There were frustrations ahead for Shaw. He still managed 15 games in 1985 (when switching to his brother Ray’s No.23), though found himself playing increasingly out of the back pocket, where he won a reputation as a no-nonsense, dashing defender. But two different issues stopped him from having an even greater impact.
After playing the first five games, including a strong 26-disposal effort against the Swans in Round 5, he was involved in a car accident. He had to have 40 stitches in his recovery, and missed two weeks of football. Then he dislocated his shoulder at the midway point of the season and was on the sidelines again for five more weeks.
Shaw won his way back into the team to play the last five games of the year, with the hope that he could get a clearer run at it the following season. Frustratingly, that wasn’t to be.
He played the opening two months of the season, producing some good football along the way, but after kicking an early goal against Hawthorn in Round 8, he suffered a torn cruciate ligament in his knee. That effectively ended his career in black and white. Brother Tony would later maintain that knee injury proved the difference, with coach Leigh Matthews believing Neville’s pace was going to be an issue that stopped him making an impact.

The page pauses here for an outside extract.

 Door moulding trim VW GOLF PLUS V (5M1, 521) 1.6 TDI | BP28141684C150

“Leigh Matthews wouldn’t have been one of Neville’s favourite people,” Tony would write in his autobiography, A Shaw Thing. “I think Nifty holds a grudge against him. The coach told him the match committee thought he was too slow, but Neville still had a chance to prove them all wrong. (But) he never did.”

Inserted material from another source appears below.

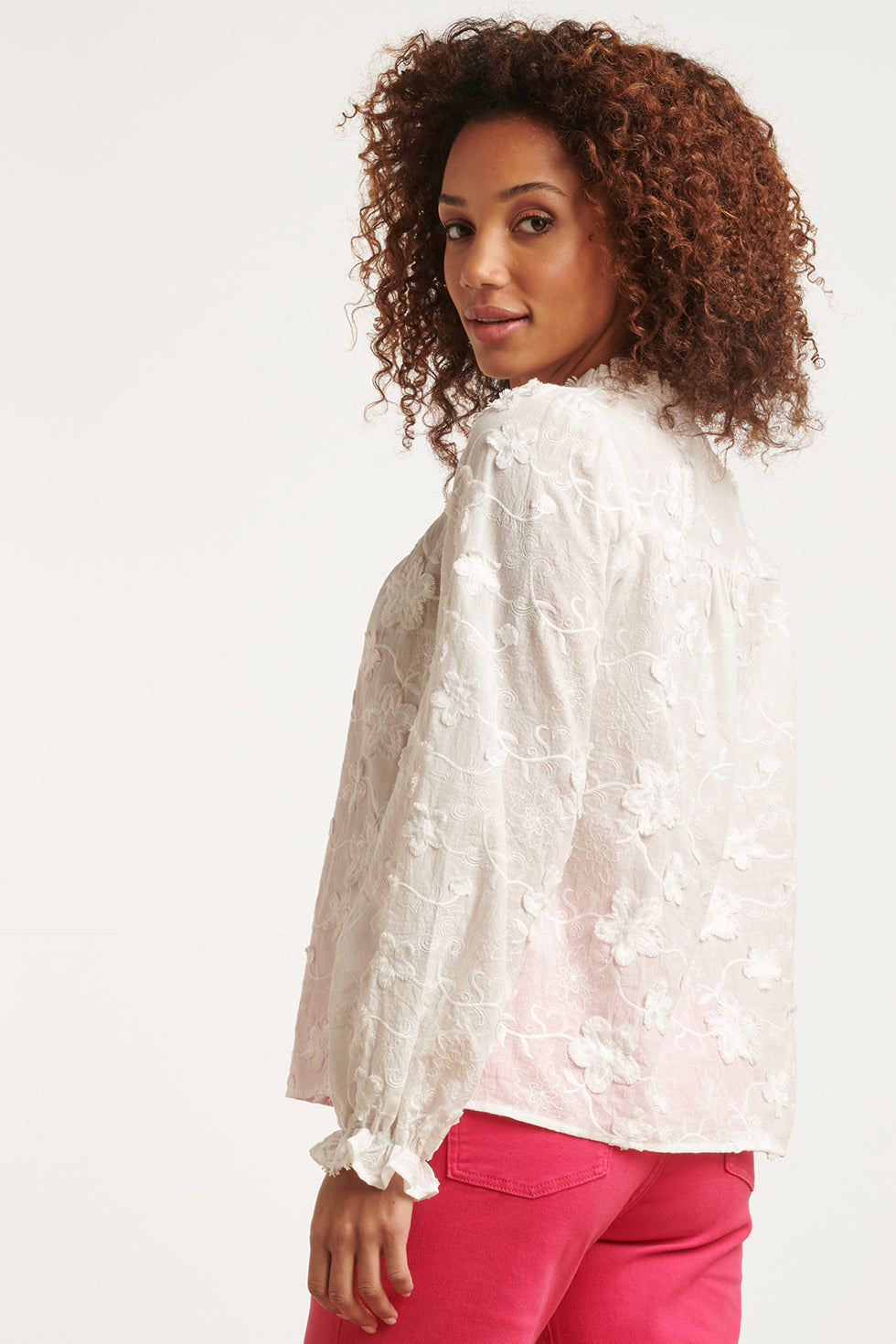 23571 3D Geborduurde Bloementop | White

“He was aggressive in all other areas but I think if someone else besides Leigh had told him, it would have hurt his feelings and probably would have bounced back. Nifty took it the wrong way … his drive and motivation to reach the top had gone.”

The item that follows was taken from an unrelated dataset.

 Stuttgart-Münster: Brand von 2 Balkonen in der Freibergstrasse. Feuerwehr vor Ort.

Neville transferred to West Adelaide in the SANFL and produced some of his best football in what was then a seriously competitive league. He won back-to-back best and fairests with them in 1988 and 1989, with many wondering if his departure from Collingwood had come too early, and wondering why he didn’t get another chance.
By 1990, he was an assistant playing coach at Lavington, in the same season that Tony was leading Collingwood to the flag. He was there to enjoy his brother’s success, but never felt slighted that he had missed out. That was Nifty’s manner – as Tony would say – a bloke who wasn’t given to regrets, and who always got on with it.
Neville didn’t play in that famous flag, but he did his fair share of celebrating. During the celebrations Tony recalled seeing Neville having a snooze in the old Victoria Park rooms after a big night.
There was always talk Neville might return to Collingwood. “I may have started that one,” Tony would say, but that never eventuated, and when he was 28, Neville was struck down by debilitating arthritis.
As tough as it was, it hasn’t stopped him from having a highly-decorated lawn bowls career, and for remaining the easy-going mate that his team members recall with affection.
He may not have played as many VFL games as he should have, but he’s still an important part of the Shaw family history at Collingwood.